As KTC said, how std::set is implemented can vary -- the C++ standard simply specifies an abstract data type. In other words, the standard does not specify how a container should be implemented, just what operations it is required to support. However, most implementations of the STL do, as far as I am aware, use red-black trees or other balanced binary search trees of some kind (GNU libstdc++, for instance, uses red-black trees).

While you could theoretically implement a set as a hash table and get faster asymptotic performance (amortized O(key length) versus O(log n) for lookup and insert), that would require having the user supply a hash function for whatever type they wanted to store (see Wikipedia's entry on hash tables for a good explanation of how they work). As for an implementation of a binary search tree, you wouldn't want to use an array -- as Raul mentioned, you would want some kind of Node data structure.


You could implement a binary search tree by first defining a Node struct:

struct Node
{
  void *nodeData;
  Node *leftChild;
  Node *rightChild;
}

Then, you could define a root of the tree with another Node *rootNode;

The Wikipedia entry on Binary Search Tree has a pretty good example of how to implement an insert method, so I would also recommend checking that out.

In terms of duplicates, they are generally not allowed in sets, so you could either just discard that input, throw an exception, etc, depending on your specification.


I understand STL sets are based on the abstract data structure of a binary search tree. So what is the underlying data structure? An array?

As others have pointed out, it varies. A set is commonly implemented as a tree (red-black tree, balanced tree, etc.) though but there may be other implementations that exist.

Also, how does insert() work for a set?

It depends on the underlying implementation of your set. If it is implemented as a binary tree, Wikipedia has a sample recursive implementation for the insert() function. You may want to check it out.

How does the set check whether an element already exists in it?

If it is implemented as a tree, then it traverses the tree and check each element. However, sets do not allow duplicate elements to be stored though. If you want a set that allows duplicate elements, then you need a multiset.

I read on wikipedia that another way to implement a set is with a hash table. How would this work?

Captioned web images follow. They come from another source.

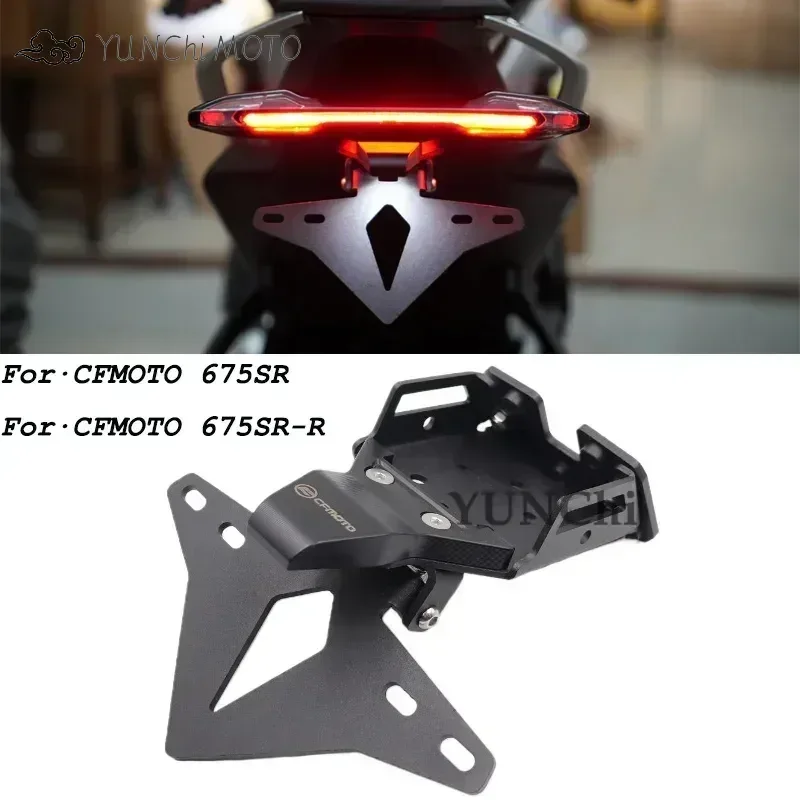 NEW Motorcycle Accessories Rear Tail Tidy Fender Eliminator Kit License Plate Holder Fit For CFMOTO 675SR 675SR-R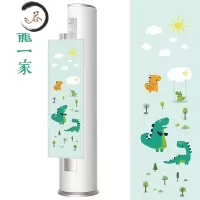 HAOYANGDAO圆柱空调挡风板防直吹立式通用出风口挡板罩坐月子导风柜机遮风板 恐龙一家 110x30x0.1c防尘罩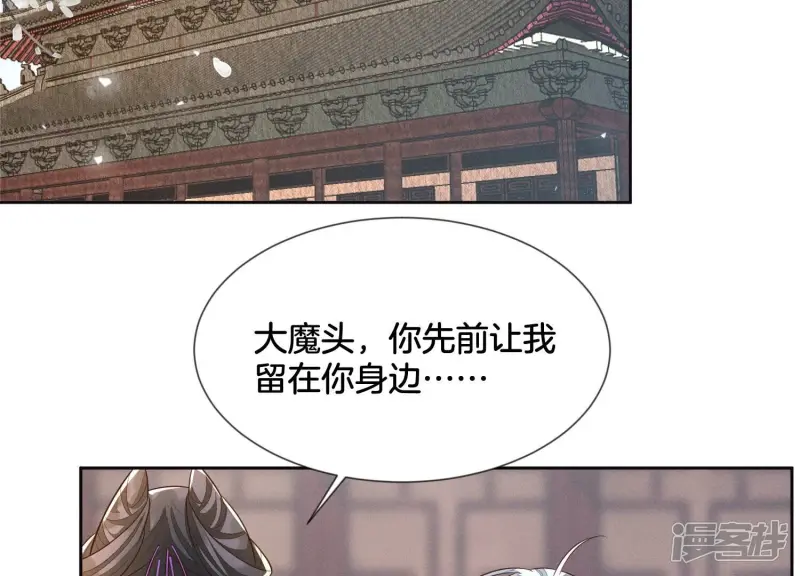 第107话 东方青苍他吃醋了4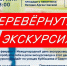 В Кургане пройдут «перевёрнутые» экскурсии - Область 45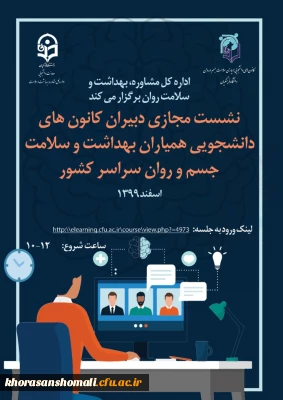 قابل توجه اعضای محترم شورای مرکزی کانون همیاران سلامت جسم  و روان 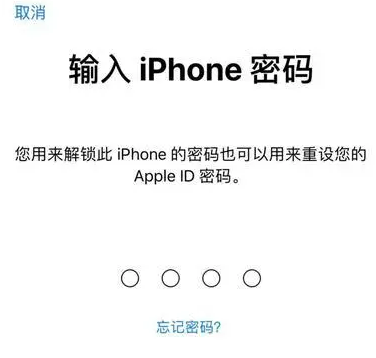 和龙苹果15维修网点分享iPhone 15六位密码怎么改四位 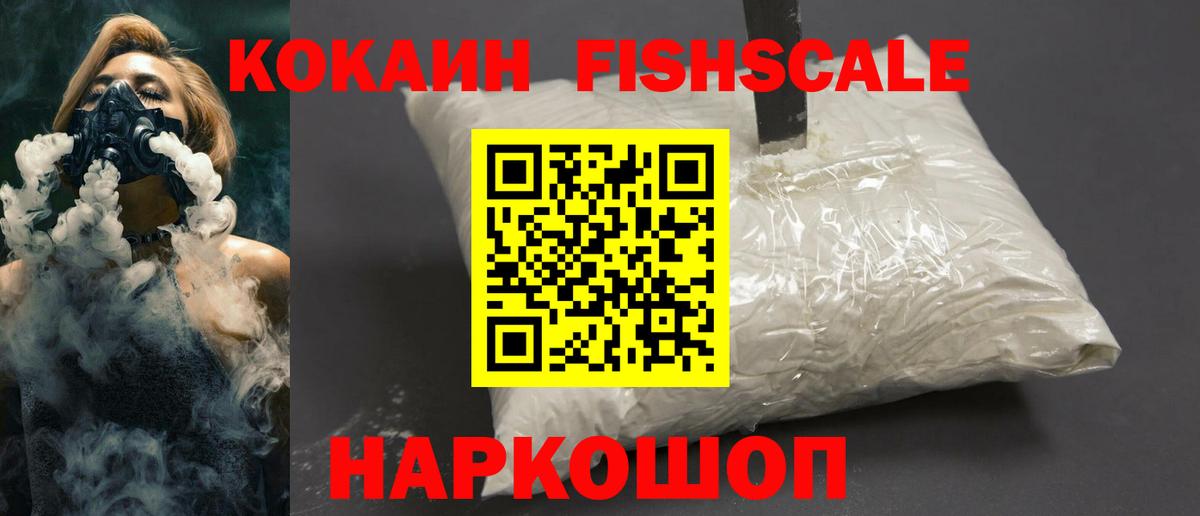 COCAIN 98% Минеральные Воды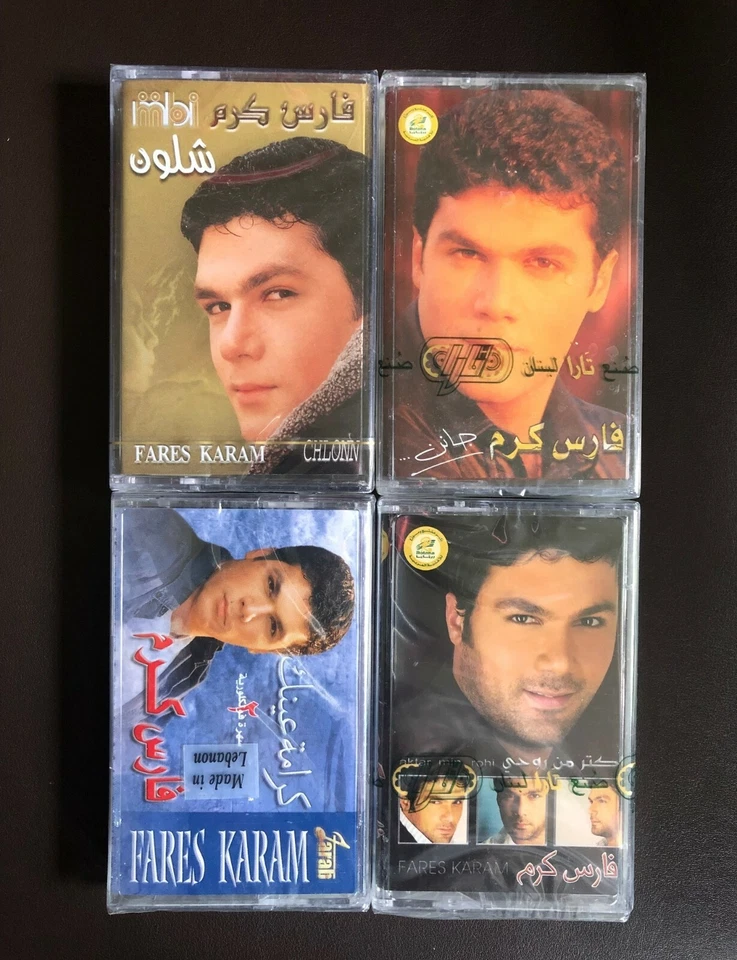 4 Audio Cassettes *FARES KARAM* New Sealed Original Arabic Classic Music - Image 4 of 4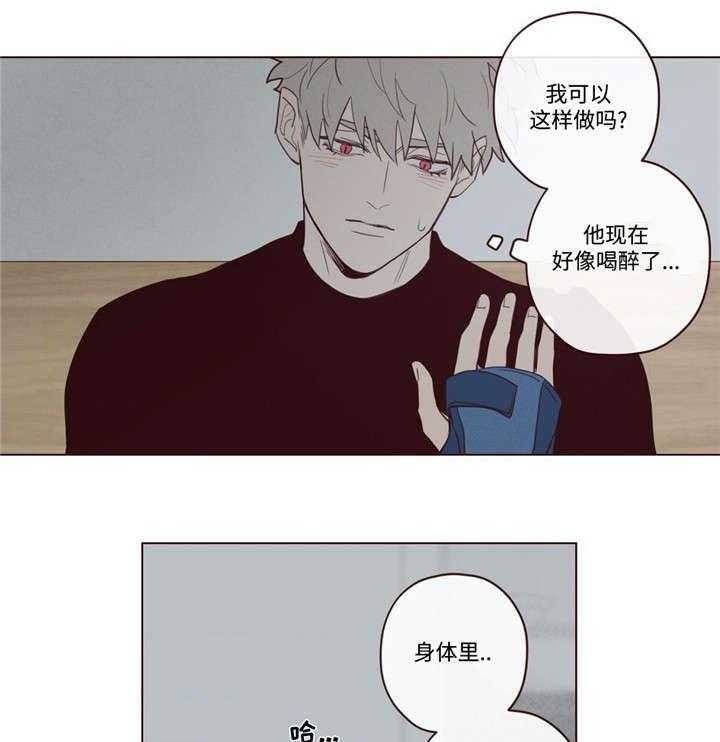 第37话_为什么7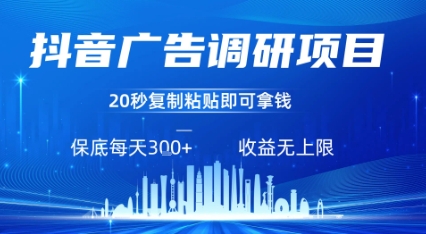 抖音广告调研项目，只需复制粘贴广告即可挣钱，任务不限量，一天稳定3张-玩备项目资源网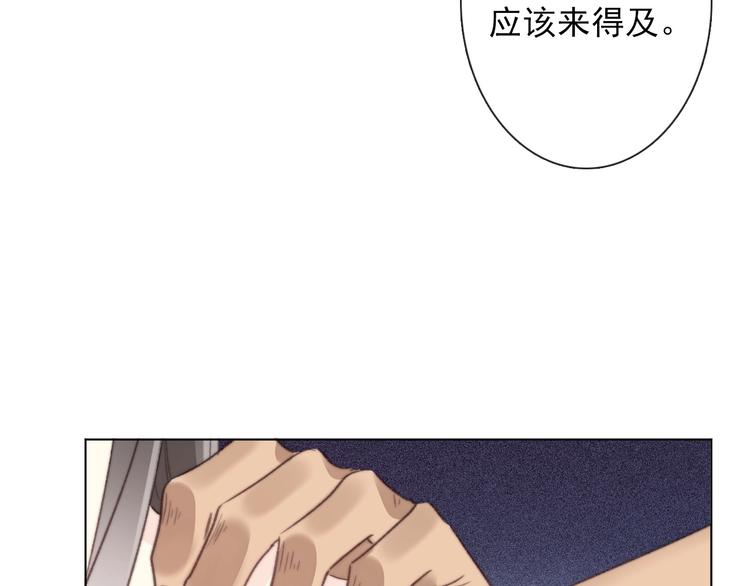 第1话  少女穿越异世界！207
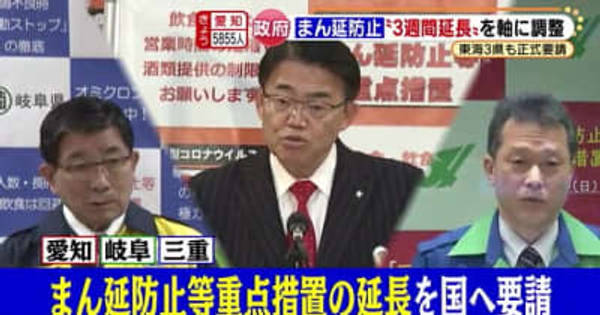 愛知・岐阜・三重「まん延防止等重点措置」　足並み揃えて国に延長を要請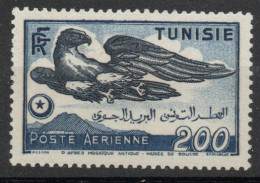 Tunisie YT PA 15 Neuf Sans Charnière XX MNH - Poste Aérienne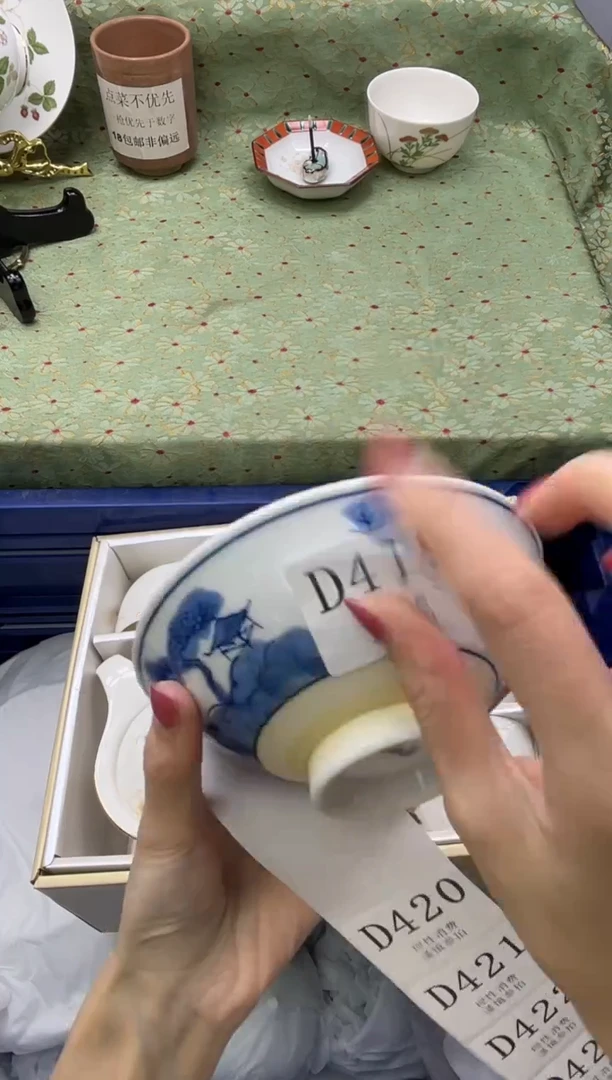 瓷片布*湖 D419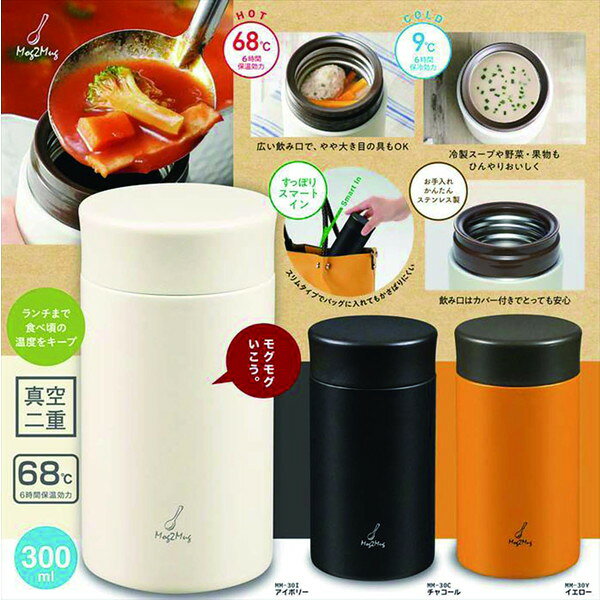 スープジャー スープポット 保温 MM-30I モグモグ スープマグ 300ml アイボリー 【KKS】【36CE】
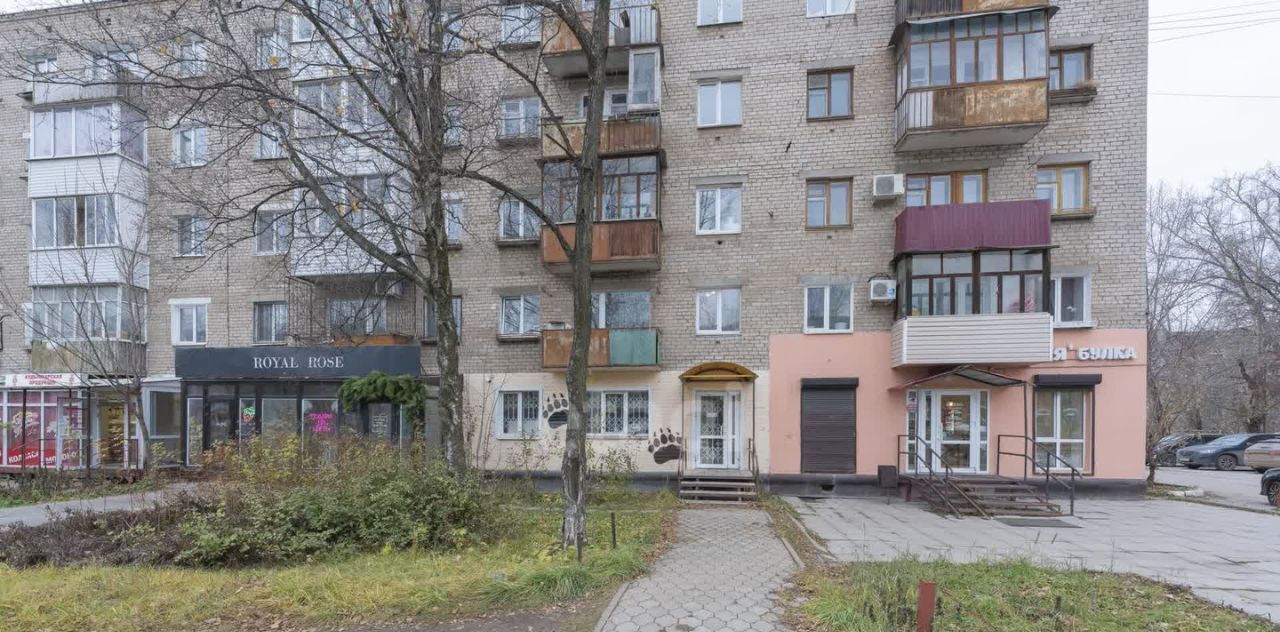 офис г Пермь р-н Мотовилихинский б-р Гагарина 64 фото 1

You may be referring to a hash_set, where the set is implemented using hash tables. You'll need to provide a hash function to know which location to store your element. This implementation is ideal when you want to be able to search for an element quickly. However, if it is important for your elements to be stored in particular order, then the tree implementation is more appropriate since you can traverse it preorder, inorder or postorder.